**Exercise goal**
Reproduce the lines below verbatim. Pictures are to be omitted.

**Supplied information**

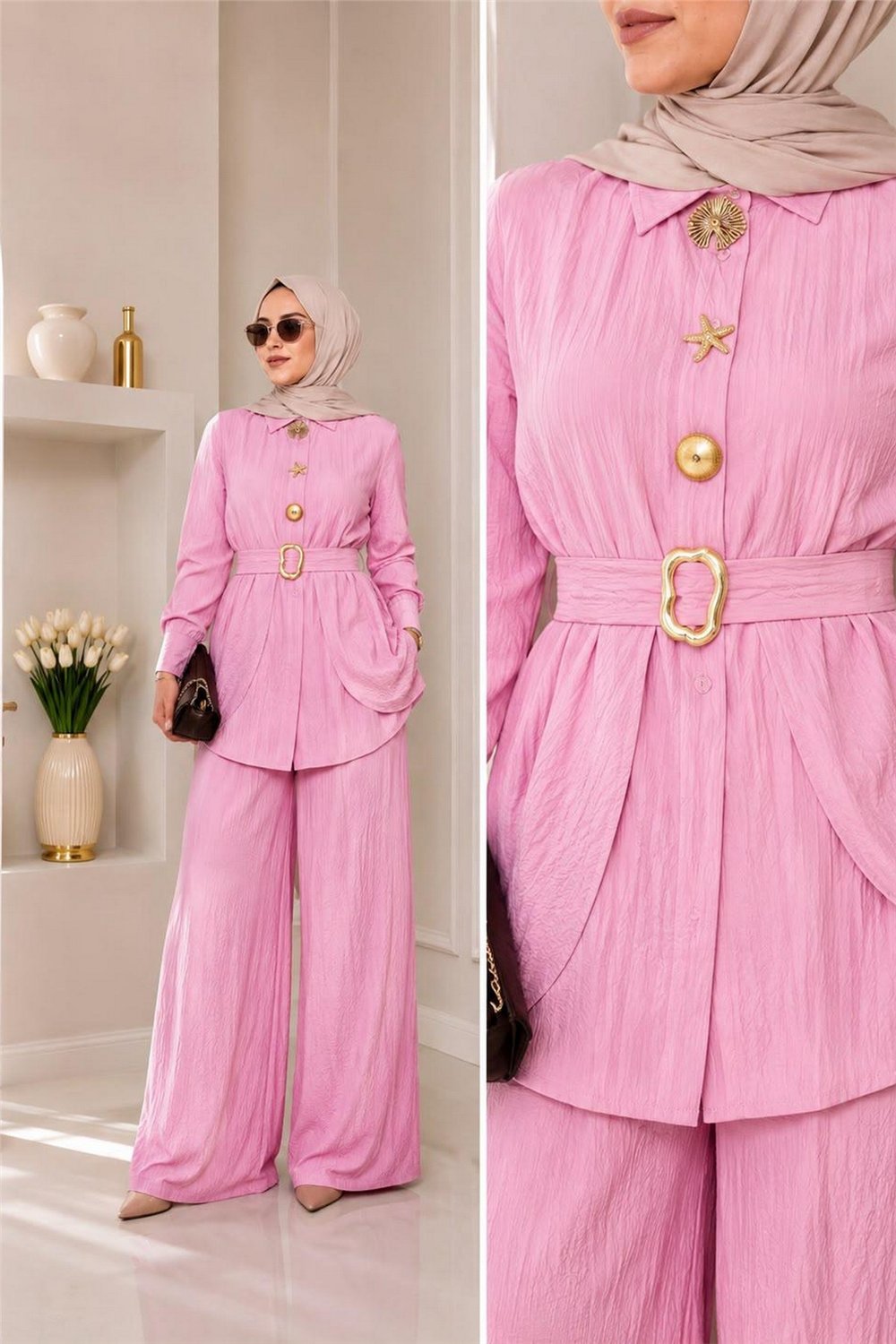 Kumaş Çilek Takım-Pembe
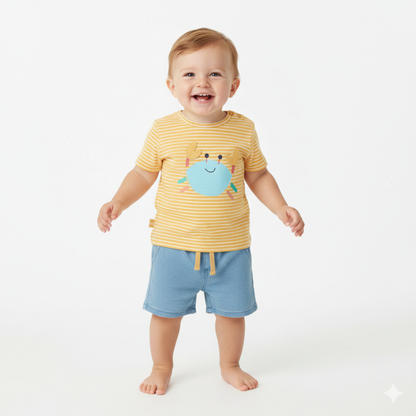 Conjunto: T-shirt Caranguejo e Calções de Ganga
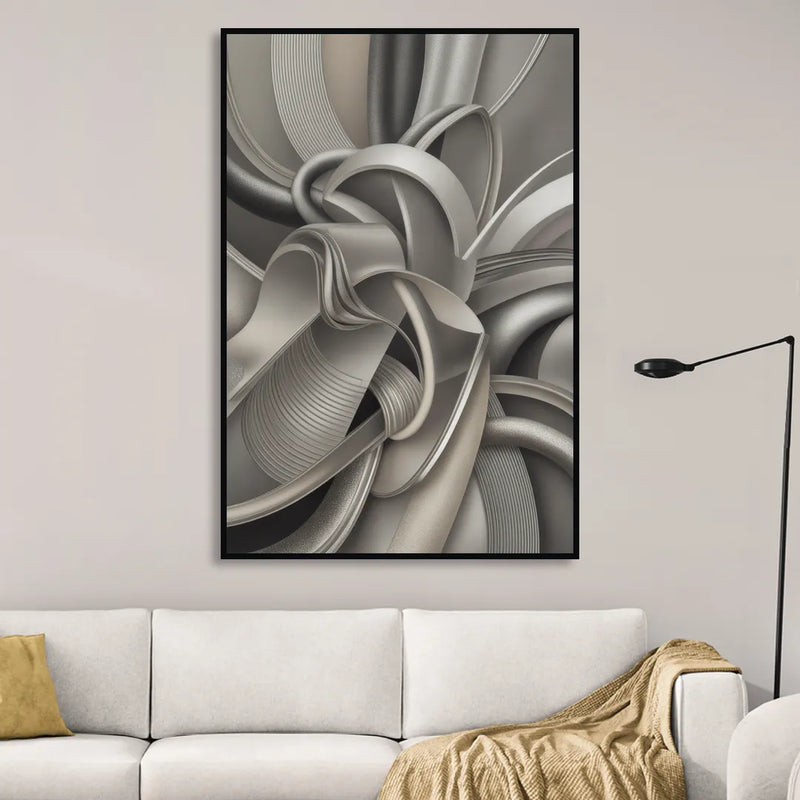 Elegant Intertwine Grey and Silver Abstract Sitting Room - Black Canvas Wall Art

**Your response**
 Kumaş Çilek Takım-Pembe
 Conjunto: T-shirt Caranguejo e Calções de Ganga
 Elegant Intertwine Grey and Silver Abstract Sitting Room - Black Canvas Wall Art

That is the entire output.